Sudbury (Ontario, Canada) has a long mining history that has left the region with a distinctive legacy of environmental impacts. Several actions have been undertaken since the 1970s to rehabilitate this deteriorated environment, in both terrestrial and aquatic ecosystems. Despite a marked increase in environmental health, we show that the Junction Creek system remains under multiple stressors from present and past mining operations, and from urban-related pressures such as municipal wastewater treatment plants, golf courses and stormwater runoff. Water samples have elevated metal concentrations, with values reaching up to 1 mg·L−1
Ni, 40 μg·L−1
Zn, and 0.5 μg·L−1
Cd.

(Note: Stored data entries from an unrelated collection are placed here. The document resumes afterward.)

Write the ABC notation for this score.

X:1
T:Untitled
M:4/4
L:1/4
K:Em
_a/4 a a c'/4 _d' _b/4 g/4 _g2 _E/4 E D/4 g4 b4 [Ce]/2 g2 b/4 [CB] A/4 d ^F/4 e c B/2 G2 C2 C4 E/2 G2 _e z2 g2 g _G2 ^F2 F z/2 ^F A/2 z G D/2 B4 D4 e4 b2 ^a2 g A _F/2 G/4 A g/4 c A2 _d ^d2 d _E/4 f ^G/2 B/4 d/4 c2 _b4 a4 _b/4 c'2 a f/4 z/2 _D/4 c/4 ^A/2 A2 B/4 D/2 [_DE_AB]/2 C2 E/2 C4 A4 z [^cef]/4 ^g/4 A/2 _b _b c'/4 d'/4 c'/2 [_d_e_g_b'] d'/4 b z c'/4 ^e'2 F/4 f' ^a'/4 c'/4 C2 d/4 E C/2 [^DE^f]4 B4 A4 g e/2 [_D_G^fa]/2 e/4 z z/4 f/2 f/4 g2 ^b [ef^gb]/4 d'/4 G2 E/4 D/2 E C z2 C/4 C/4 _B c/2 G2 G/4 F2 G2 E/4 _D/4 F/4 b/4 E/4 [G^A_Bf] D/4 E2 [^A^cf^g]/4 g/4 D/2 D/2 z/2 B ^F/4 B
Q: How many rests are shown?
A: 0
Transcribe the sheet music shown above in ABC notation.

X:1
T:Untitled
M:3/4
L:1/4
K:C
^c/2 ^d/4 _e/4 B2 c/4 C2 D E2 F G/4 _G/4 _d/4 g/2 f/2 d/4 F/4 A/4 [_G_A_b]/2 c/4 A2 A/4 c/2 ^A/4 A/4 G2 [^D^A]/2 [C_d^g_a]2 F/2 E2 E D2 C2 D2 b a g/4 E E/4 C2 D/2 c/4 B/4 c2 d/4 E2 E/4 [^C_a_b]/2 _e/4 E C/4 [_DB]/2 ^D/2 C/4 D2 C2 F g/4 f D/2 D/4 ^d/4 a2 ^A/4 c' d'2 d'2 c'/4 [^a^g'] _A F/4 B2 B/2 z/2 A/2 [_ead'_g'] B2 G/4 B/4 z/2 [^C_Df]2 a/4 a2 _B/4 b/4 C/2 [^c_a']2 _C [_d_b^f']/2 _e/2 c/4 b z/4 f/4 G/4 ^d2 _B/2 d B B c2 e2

The responses of diatoms to stressors were observed at the assemblage level (metal tolerant species, nutrient-loving species), and at the individual level through the presence of teratologies (abnormal diatom frustules). The cumulative criterion unit (CCU) approach was used as a proxy for metal toxicity to aquatic life and suggested elevated potential for toxicity at certain sites. Diatom teratologies were significantly less frequent at sites with CCU values <1, suggesting “background” metal concentrations as compared to sites with higher CCU values. The highest percentages of teratologies were observed at sites presenting multiple types of environmental pressures.